There are two new systems debuting today under the “Always Connected” brand — the Asus NovaGo 2-in-1 laptop, and the HP Envy x2 tablet. Both use Windows 10 S, the stripped down, locked down version of the operating system that can only run applications from the Windows Store (which, unfortunately, is sometimes the same as not being able to run applications).

novago

The NovaGo (pictured above and again top) is a 13.3-inch system with a 1080p panel, a Qualcomm Snapdragon 835, gigabit LTE with an x16 modem, 4GB or 8GB of RAM, and a $599 list price (for 64GB and 4GB of RAM) or $799 (for 256GB of storage or 8GB of RAM). It weighs in at a svelte 2.9 pounds. Asus rates the battery at 22 hours, though manufacturers tend to be downright generous with these assessments.

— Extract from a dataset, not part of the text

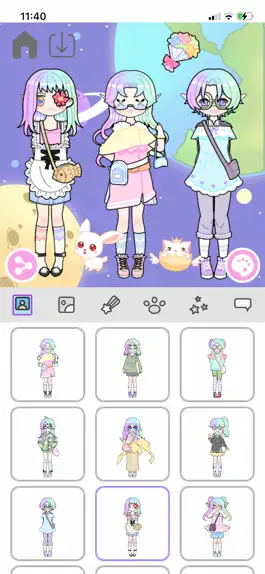 Game screenshot цветочная девушка mod apk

The HP Envy X2 has a 3:2 aspect ratio, weighs just 1.5 pounds, and has a 12.3-inch screen with a 3:2 aspect ratio and a 1920×1280 resolution. The Snapdragon 835 is the chip of choice here as well, and HP claims the battery will last 20 hours.

HP-Envyx2-1

Both machines will emulate x86 code in software, which will inevitably come at some kind of performance and power consumption hit. Both systems can be upgraded to Windows 10 Pro if the customer desires. Early reports from sites like PCMag are positive…ish. The machines aren’t painfully slow the way Surface RT was, but no one had time to do an in-depth testing session. There were no glaring flaws in testing, but it wasn’t a resounding success, either.

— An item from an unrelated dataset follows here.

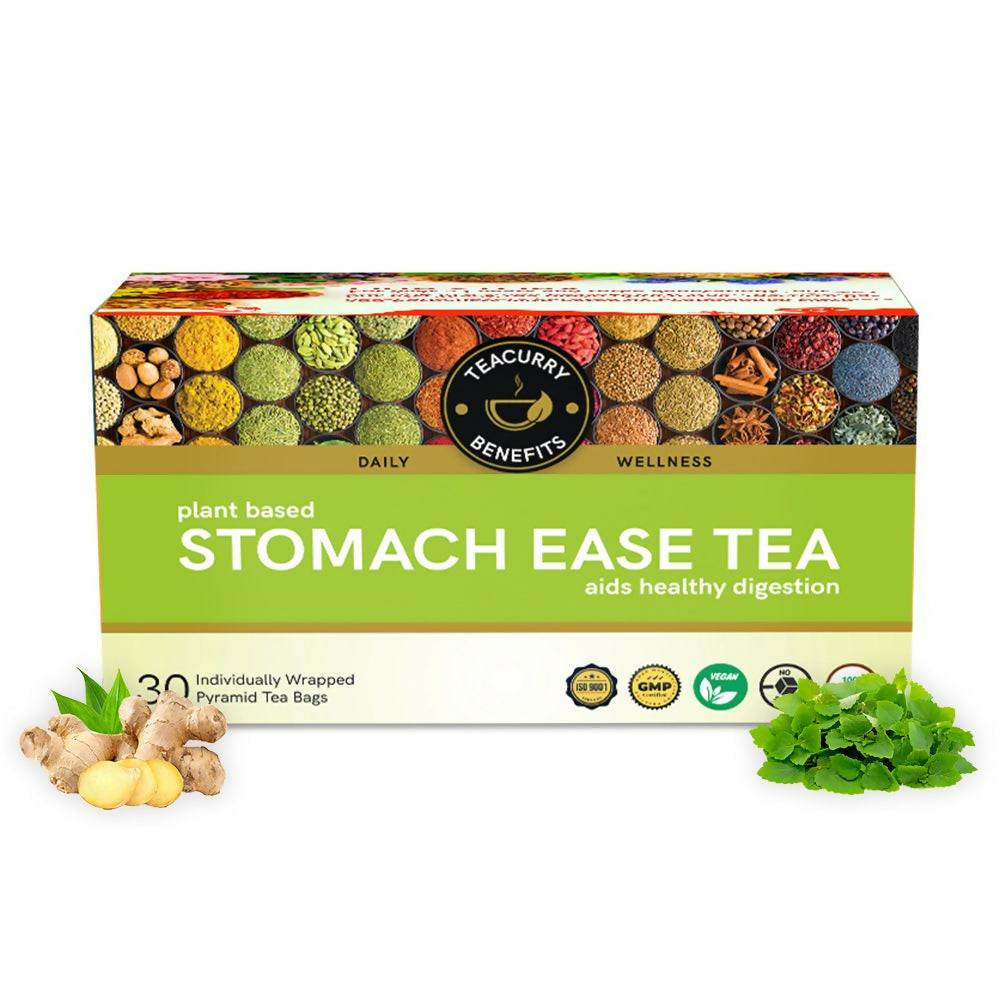 Teacurry Digestion Tea - Stomach Ease Tea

AMD Announces Its Own Initiative

AMD, not to be left out, has announced its own Always Connected plans. AMD plans to work with Qualcomm to develop platforms compatible with its X16 modem to provide gigabit LTE service in a mobile form factor. Any AMD system built under the Always Connected moniker will obviously differ from the Snapdragon 835 in some important ways. We’d expect these systems to be much faster than your typical Snapdragon 835 — AMD’s Ryzen can clock up to 3.6GHz compared with a 2.2GHz clock for the 835, and AMD has the advantage of running native x86 code. Even an excellent emulator is going to give up some performance and power efficiency relative to running native code, and that further favors AMD.

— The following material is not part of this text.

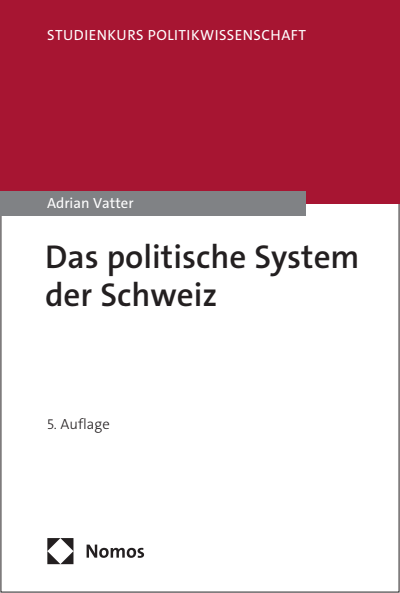 Cover des Buchs: Das politische System der Schweiz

The other major difference between the Snapdragon 835 and an AMD Ryzen processor is their TDPs. HP and Asus are building exceedingly small systems with very low TDPs and in HP’s case, no fan at all. AMD doesn’t really play in these spaces and has shown no signs it intends to do so in the near future. Its Ryzen 5 2500U has a 15W nominal TDP (it can be configured to run in a 25W TDP envelope). Is it possible that there’s a Ryzen 3 or ultramobile Ryzen 7 in the works that would hit a 5-10W TDP? Definitely — but such a device would have to give up the clock speed and GPU horsepower that AMD’s larger, more powerful chips bring to the table.

It’ll be interesting to see what kind of devices Intel challenges with, if it mounts a challenge at all. With its low-power Atom devices generally cancelled, it’s possible Chipzilla will either roll its own option with an Intel modem and a higher TDP (taking a similar approach to AMD) or continue to focus on up-market ultrabooks, whose sales are still growing year-on-year, even if the wider PC market has been slightly down again in 2017.